O EXÉRCITO VAI PAGAR UM TOUR MILIONÁRIO DE CORONÉIS PELA
EUROPA
O ROTEIRO COMEÇA por Paris. O dia é livre, mas
há a opção de conhecer o Palácio
de Versalhes. Depois, o grupo segue para a Galeria Lafayette,
uma luxuosa loja de departamentos que impressiona pela arquitetura. O grupo
passa mais um dia na Cidade Luz antes de seguir de ônibus para Bruxelas, na
Bélgica. Lá, são dois dias de atividades para os homens, mas suas mulheres
podem aproveitar um city tour. As noites são livres, perfeitas para experimentar
a tradição cervejeira do país.
A próxima parada do roteiro é a Alemanha, começando pelas
cidades de Munster e Hamburgo. De novo, há atividades apenas para os homens –
as mulheres podem, se quiserem, conhecer a cidade em um passeio incluso no
pacote. A última parada é Berlim, onde os casais podem visitar o imponente
castelo de Charlottenburg. De volta ao Brasil, eles ganham uma folga
para se recuperar do cansaço da viagem.
Esse é o roteiro da Viagem de Estudos Estratégicos ao
Exterior promovida pelo Curso de Política Estratégica e Alta Administração do
Exército, o CPEAEx, da Escola de Comando e Estado-Maior do Exército, a Eceme.
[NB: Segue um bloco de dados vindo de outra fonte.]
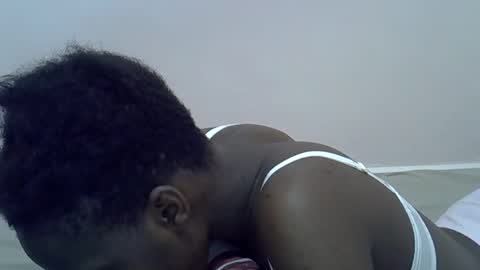 cute_marion online show from February 14, 5:09 am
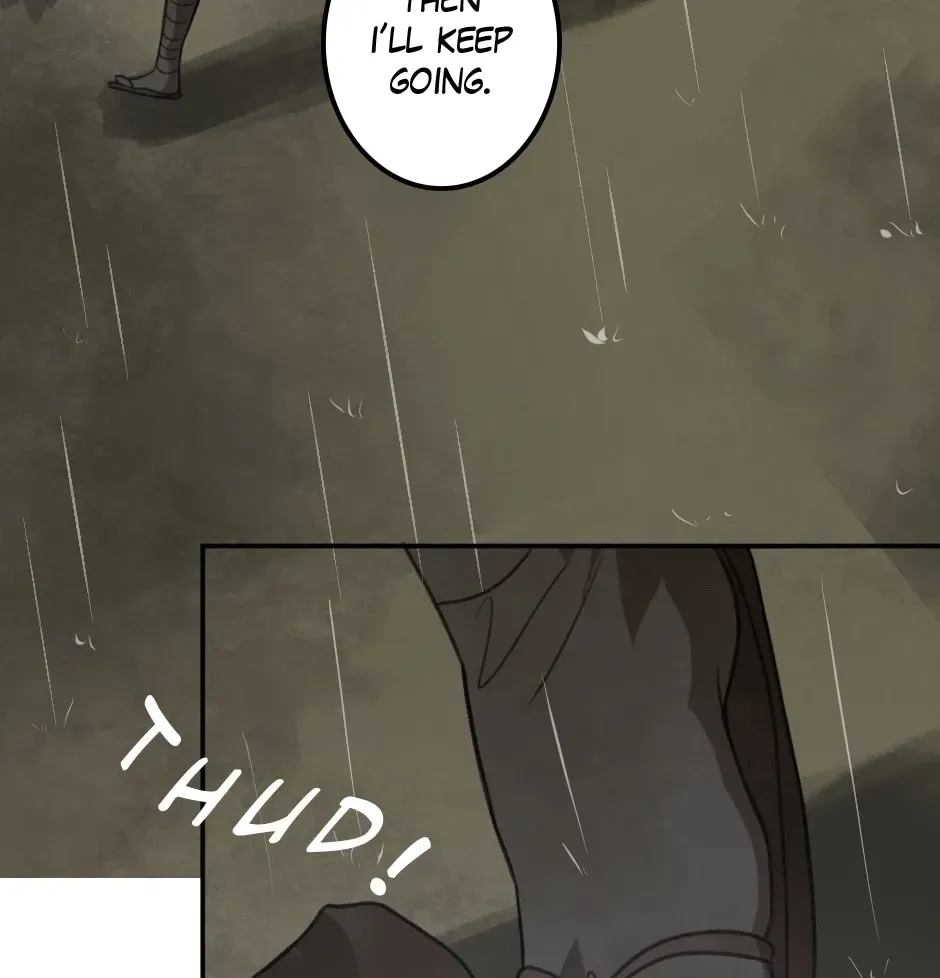 Shirayuki Pop Chapter 16 page 37 - 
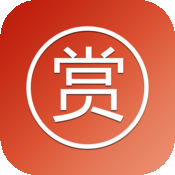 北京SEO怎么排名:让您的网站在搜索引擎上焕发新生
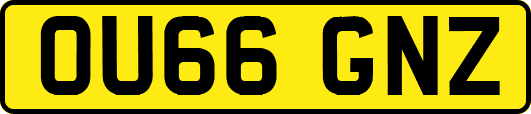 OU66GNZ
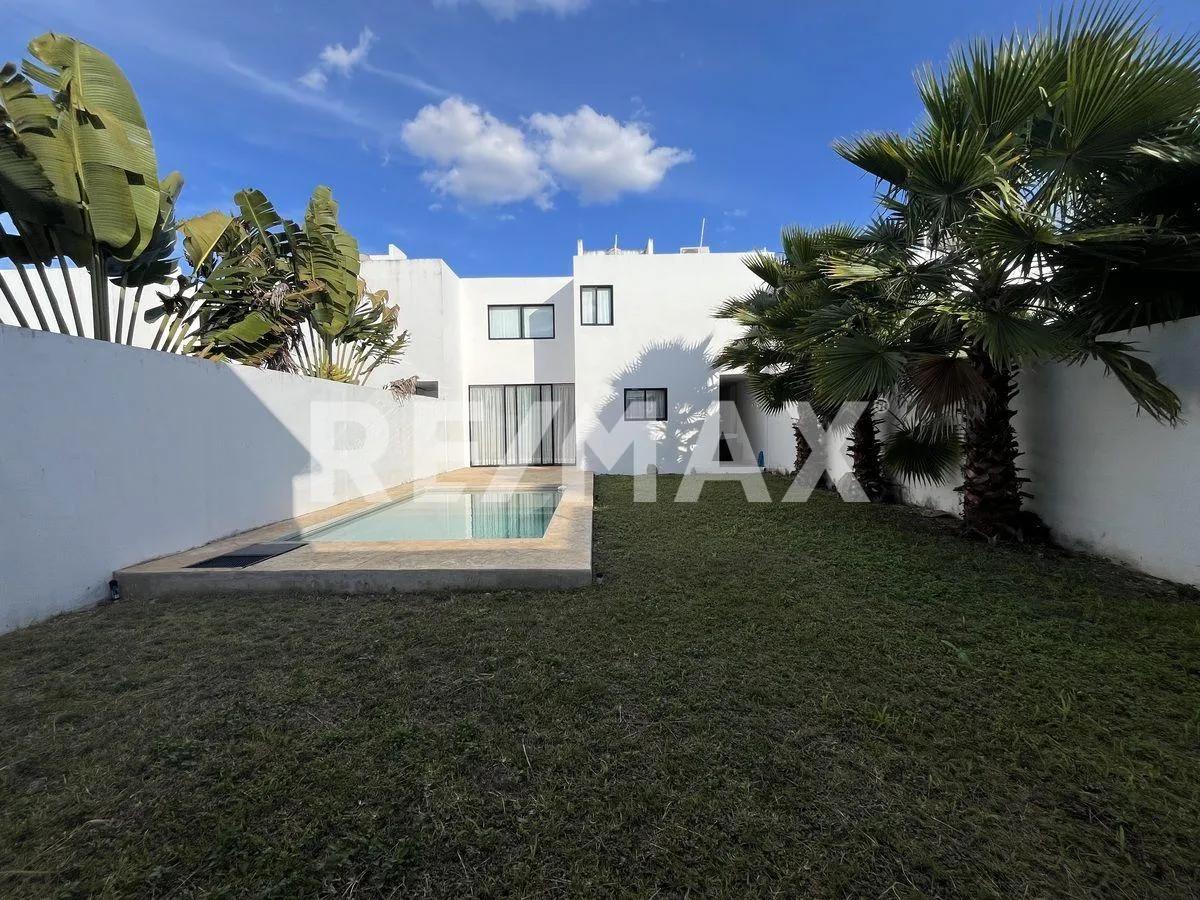 secondary property images 2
Em 2017, uma viagem do curso custou pelo menos R$ 1 milhão.
Estadia em hoteis ‘4 ou 5 estrelas’
O Intercept teve acesso à programação da
viagem dos oficiais, prevista para próximo outubro. O roteiro descrito nos
primeiros parágrafos dura 16 dias. A comitiva brasileira tem cerca de 78
pessoas – os nomes não foram divulgados pelo Exército – e todas ficarão
hospedadas em hotéis de 4 ou 5 estrelas, a um custo total de hospedagem de 2
mil euros por pessoa (cerca de R$ 9,1 mil, na cotação da última semana de
abril). Segundo os documentos, as mulheres dos oficiais estão incluídas na
programação – há, inclusive, um roteiro específico para elas. O Intercept não
irá publicar o material para preservar a segurança das fontes.
A viagem tem fins educativos, é claro. Enquanto as mulheres
fazem city tours, os oficiais visitarão o Ministério da Defesa e a equivalente
à Eceme da Alemanha, assistirão a apresentações de embaixadores e militares
franceses e visitarão a OTAN. Na comunicação oficial do Exército, há destaque para as parceriasesperadas para a viagem, como a
assinatura de um memorando de entendimento com o Defense Studies Department do
Reino Unido.
O Curso de Política Estratégica e Alta Administração do
Exército foi criado
em 1986 pelo então presidente José Sarney. É voltado aos oficiais que
já têm o Curso de Altos Estudos Militares e visa habilitar os militares aos
cargos de generais de brigada, divisão, armas, quadros e serviços. Os coronéis
que participam dele são selecionados “por mérito”.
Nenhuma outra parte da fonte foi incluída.